### Task prompt
In the entries that follow, find the line containing "SAUL ALINSKY PLANS" and the line containing "tinten van groen", then retype exactly the lines from the first through the second, pictures excluded.

### Dataset records
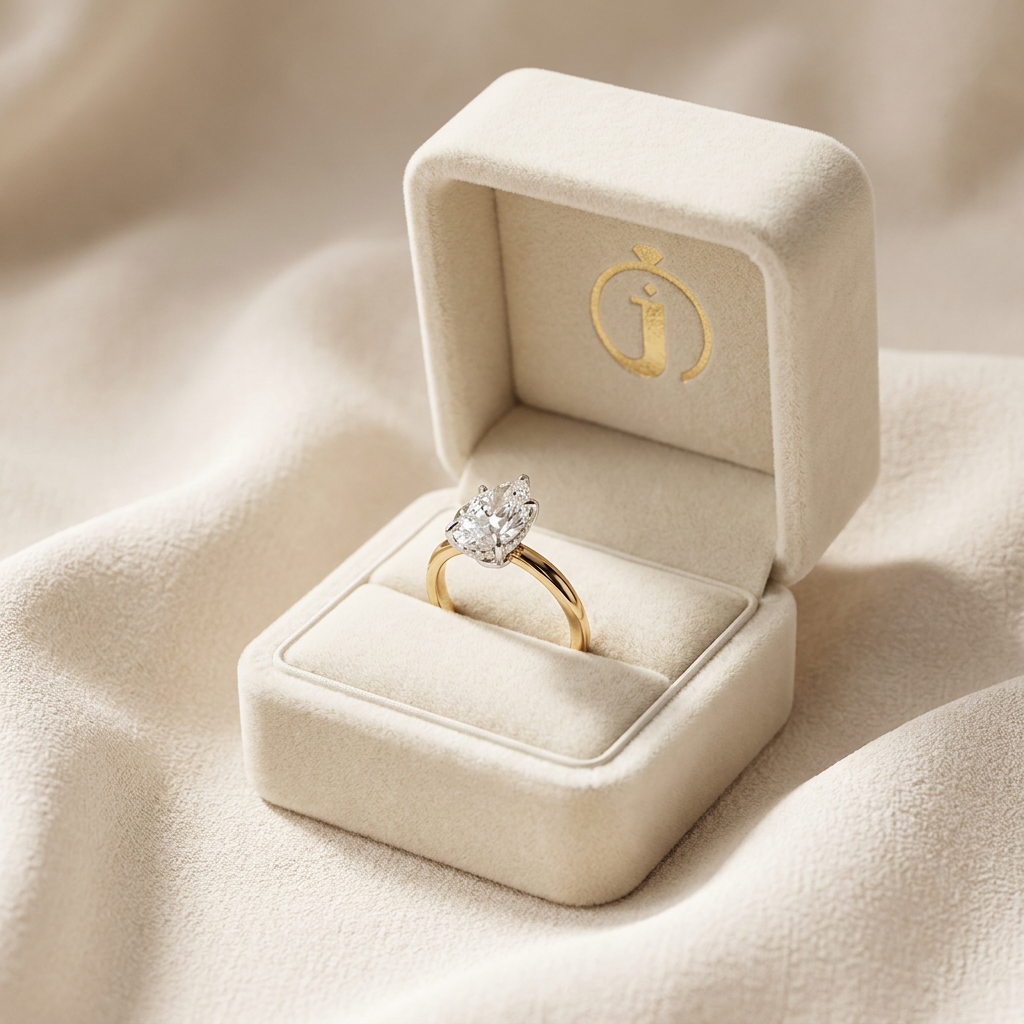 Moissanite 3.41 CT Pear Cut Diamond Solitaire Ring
==
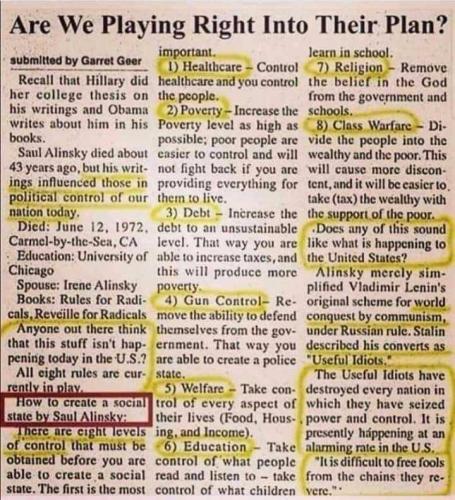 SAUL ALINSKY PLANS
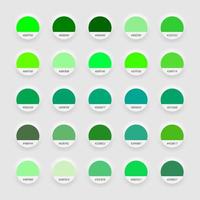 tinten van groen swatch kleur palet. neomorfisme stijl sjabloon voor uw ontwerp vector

### Answer space
 SAUL ALINSKY PLANS
 tinten van groen swatch kleur palet. neomorfisme stijl sjabloon voor uw ontwerp vector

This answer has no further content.